Morena — le visage de l'hiver
Morena (ou Marzanna) est la déesse de l'hiver et de la mort, brûlée ou noyée en effigie à la fin de l'hiver pour que revienne le printemps. Son signe est souvent une croix austère ou une figure de paille.
- Signification : les fins qui doivent arriver, le compost dont pousse la vie nouvelle.
- Ce qu'elle murmure aujourd'hui : ce que tu lâches ne disparaît pas. Cela devient terre.
Zora — l'aube
Zora (Zorya), la jeune fille de l'aube, ouvre les portes du ciel chaque matin.
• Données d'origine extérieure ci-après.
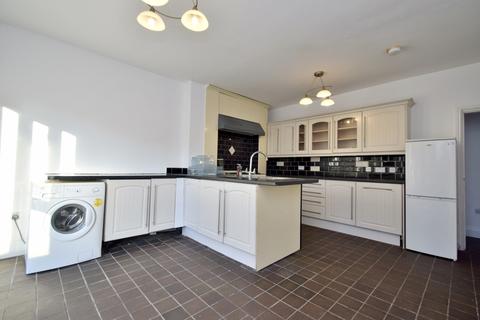 4 bedroom detached house to rent, Barbara Road, Leicester, Leicestershire
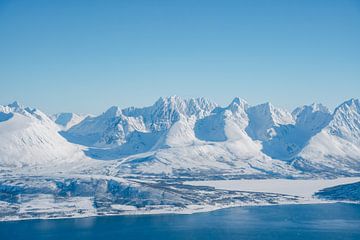 Schitterende Lyngen Alpen van Leo Schindzielorz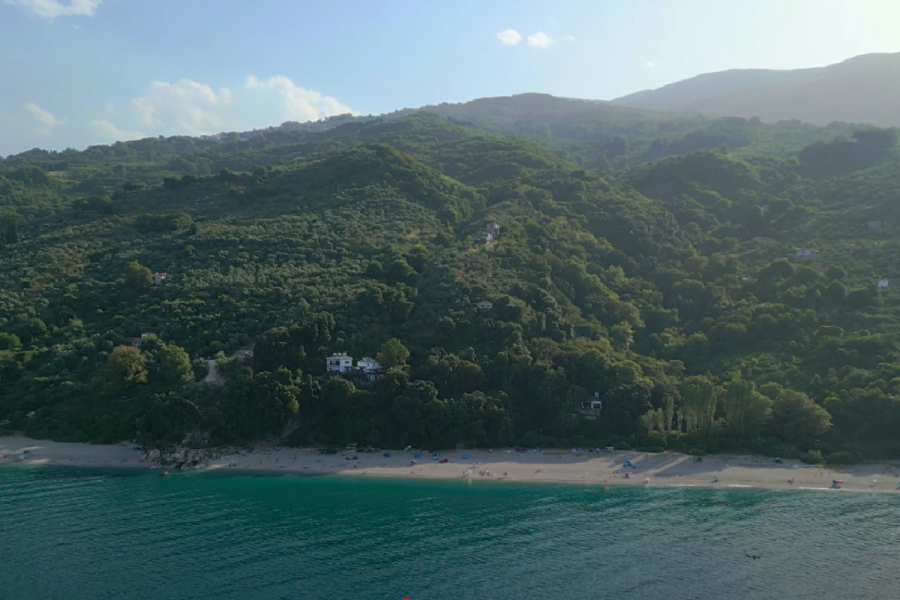 Οι πανέμορφες αλλά επικίνδυνες παραλίες της Ελλάδας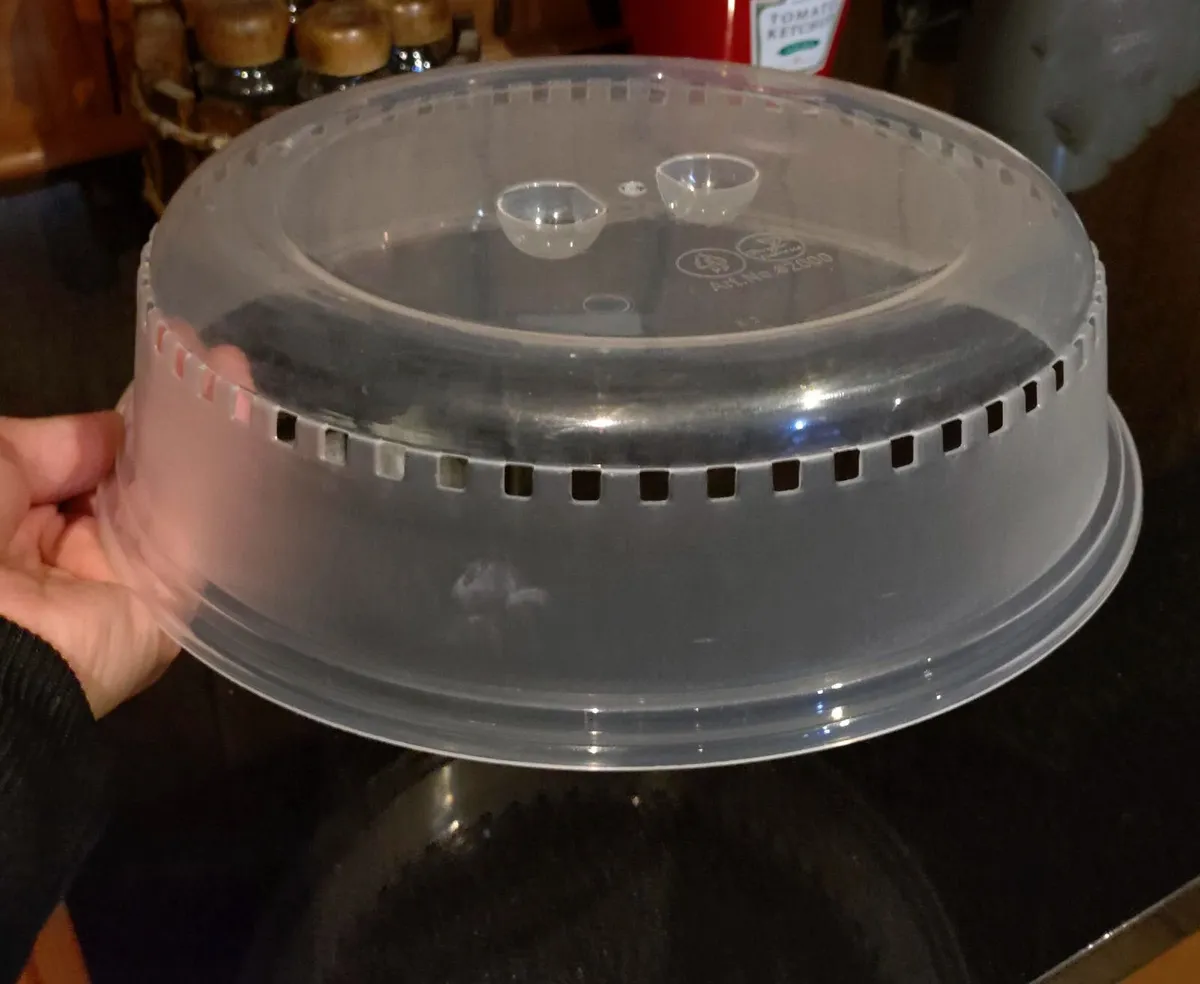 PLASTIC PLATE COVER (USED). - Image 3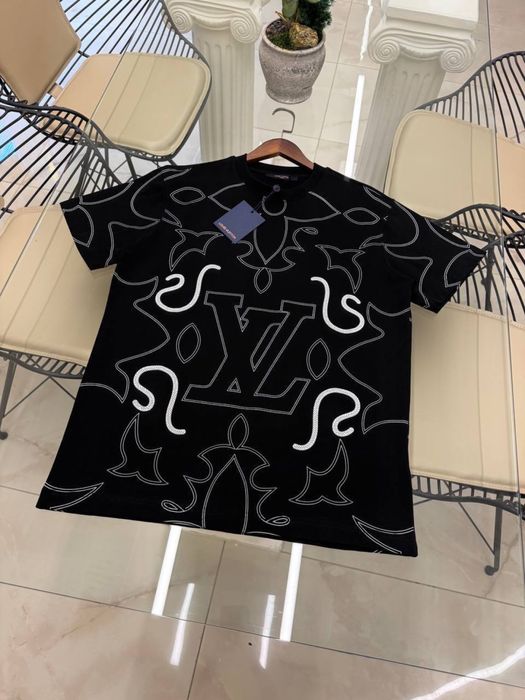 Най-високо качество мъжки маркови тениски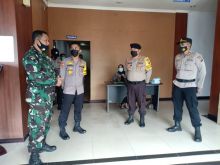 Kabag Ops saat melaksanakan PAM Vaksinasi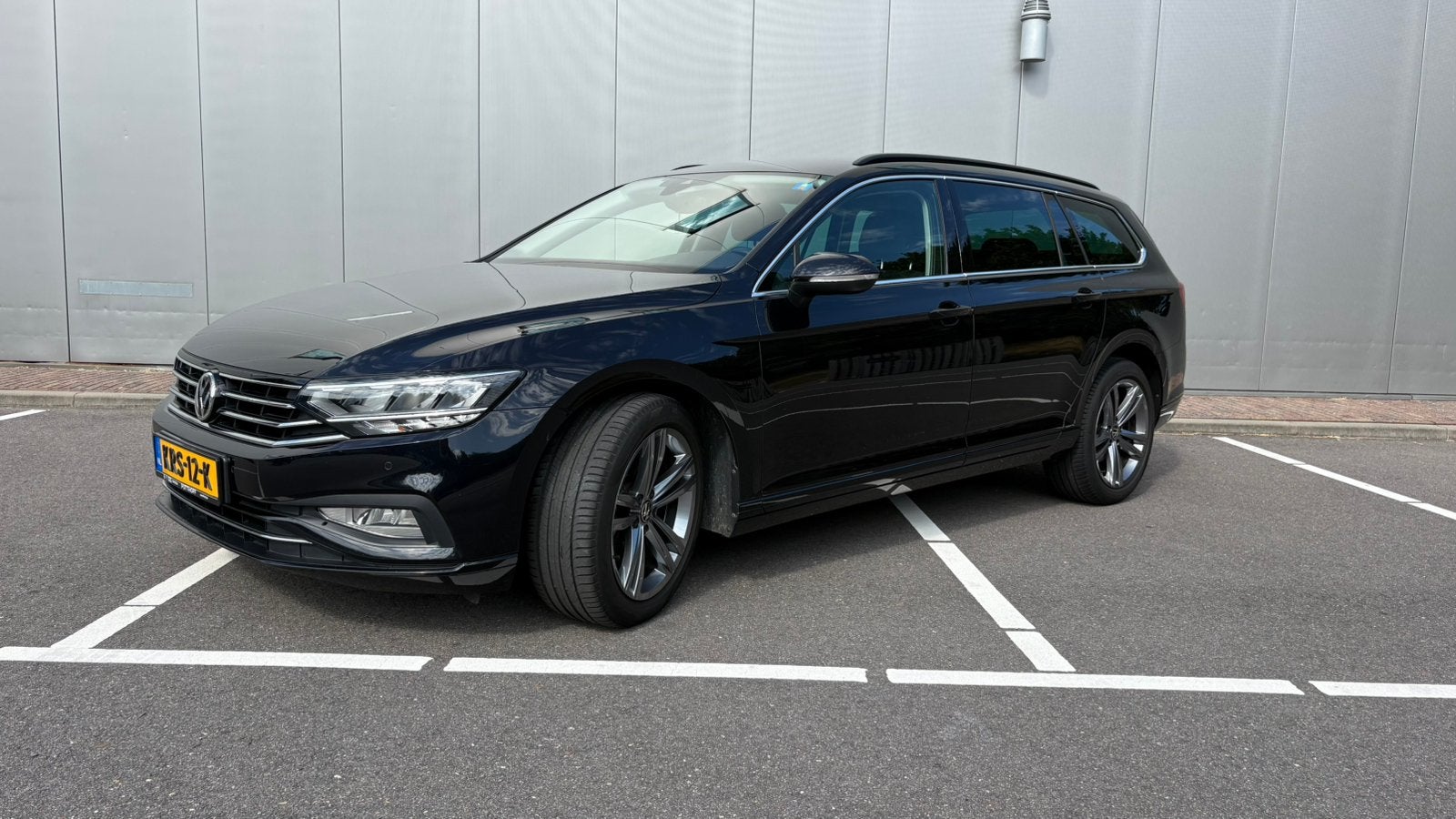 Volkswagen Passat 2.0 TDI 150pk DSG 2020 Zwart, 1490 kg, 4 cilinders, 2000 kg, Zwart
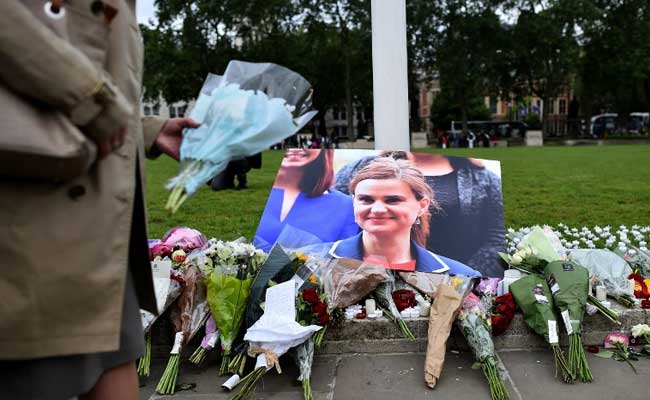 UK Police Examine Right-Wing Extremism Link To Murder Of Lawmaker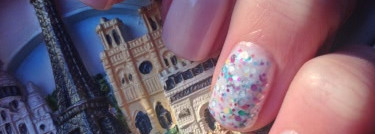 Белый снег и конфетти - такие разные лаки Essie nail lacquer #5 Allure и China Glaze nail lacquer  #81120 "It's a Trap-Eze!"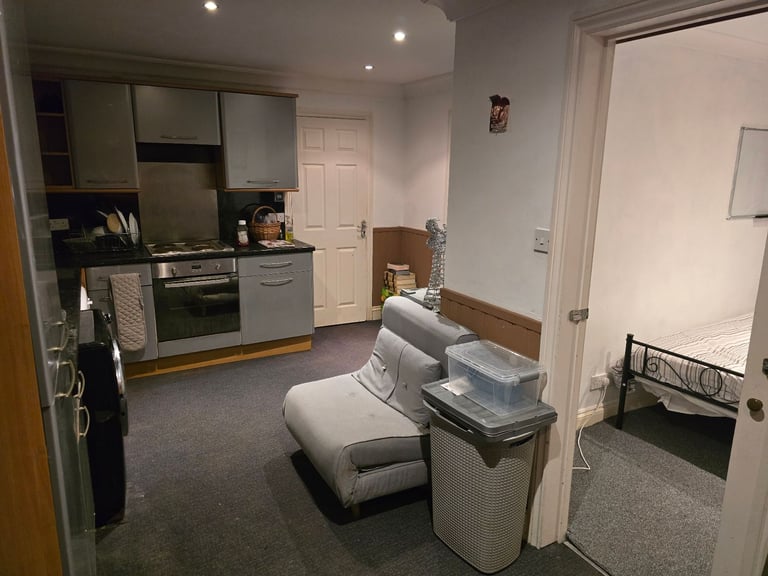 Lovely Room & Flat to rent Highworth Swindon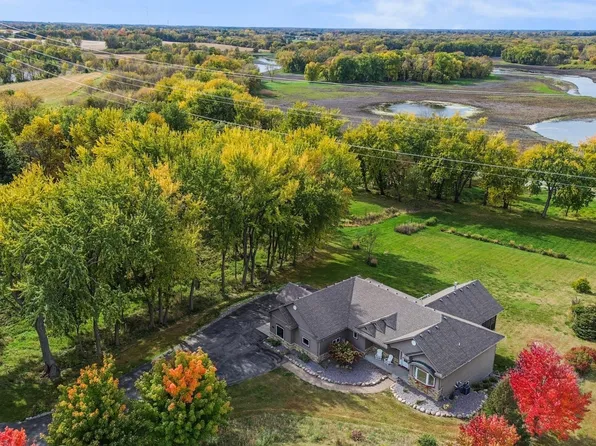 4665 Eaton Ave SE, Delano, MN 55328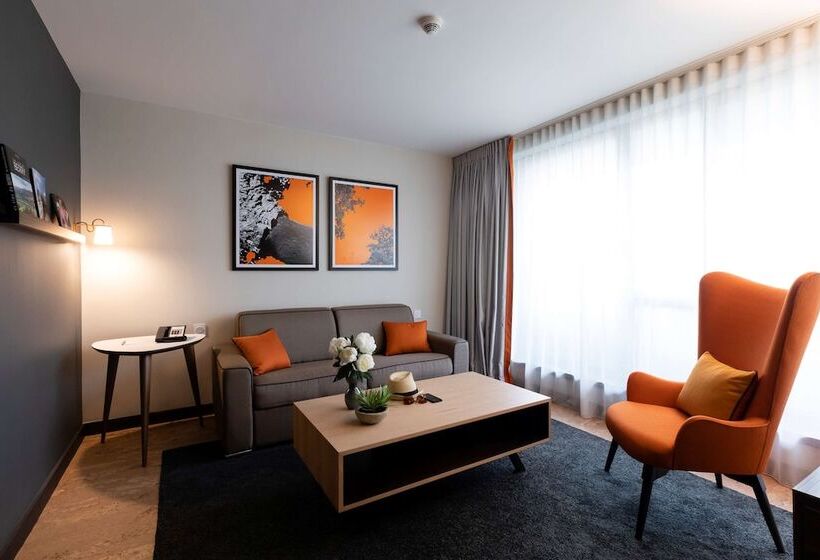 Люкс с Террасой, Radisson Blu Hotel, Paris Boulogne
Son symbole est souvent un soleil levant ou une étoile brillante à l'horizon.
- Signification : espoir, un nouveau commencement, la lumière qui arrive même quand tu n'y croyais plus.
- Ce qu'elle murmure aujourd'hui : chaque aube est un petit pardon.
Kolo, croix et les quatre directions
Au-delà des divinités nommées, la tradition slave est pleine de signes plus simples :
- Le cercle (kolo) — la totalité, la communauté assise autour du feu.
- La croix aux branches égales — les quatre directions, l'équilibre du monde.
- L'arbre de vie — le lien vertical entre les racines (les ancêtres), le tronc (nous) et la cime (ce qui est encore à venir).
Tu les trouveras sur de vieux rouets, sur les planches de ruches, sur les poutres des églises en bois. Ils sont silencieux. Ils sont patients.
Comment porter ces symboles aujourd'hui
Ces signes ne sont pas des sortilèges. Ils ne changeront pas ton solde bancaire ni ne feront que quelqu'un t'aime.
Ce qu'ils peuvent, c'est te ralentir. Quand tu rencontres un Kolovrat gravé dans le bois, tu te souviens de la roue. Quand tu touches une Lunula, tu te souviens de ton propre rythme. Quand tu vois les Mains de Dieu brodées sur du tissu, tu te souviens que tu es, d'une manière silencieuse, tenue.
Cela suffit. C'est à cela qu'un symbole a toujours servi.
Le regard de Vnoria
Nos ancêtres n'avaient pas besoin d'expliquer leurs symboles. Ils vivaient parmi eux. Nous n'héritons que de fragments — et même ces fragments suffisent à nous rappeler que le monde a été jadis lu comme une langue, et peut l'être à nouveau.
Choisis un symbole dans ce glossaire. Porte-le en pensée pendant une journée. Remarque ce qu'il te demande.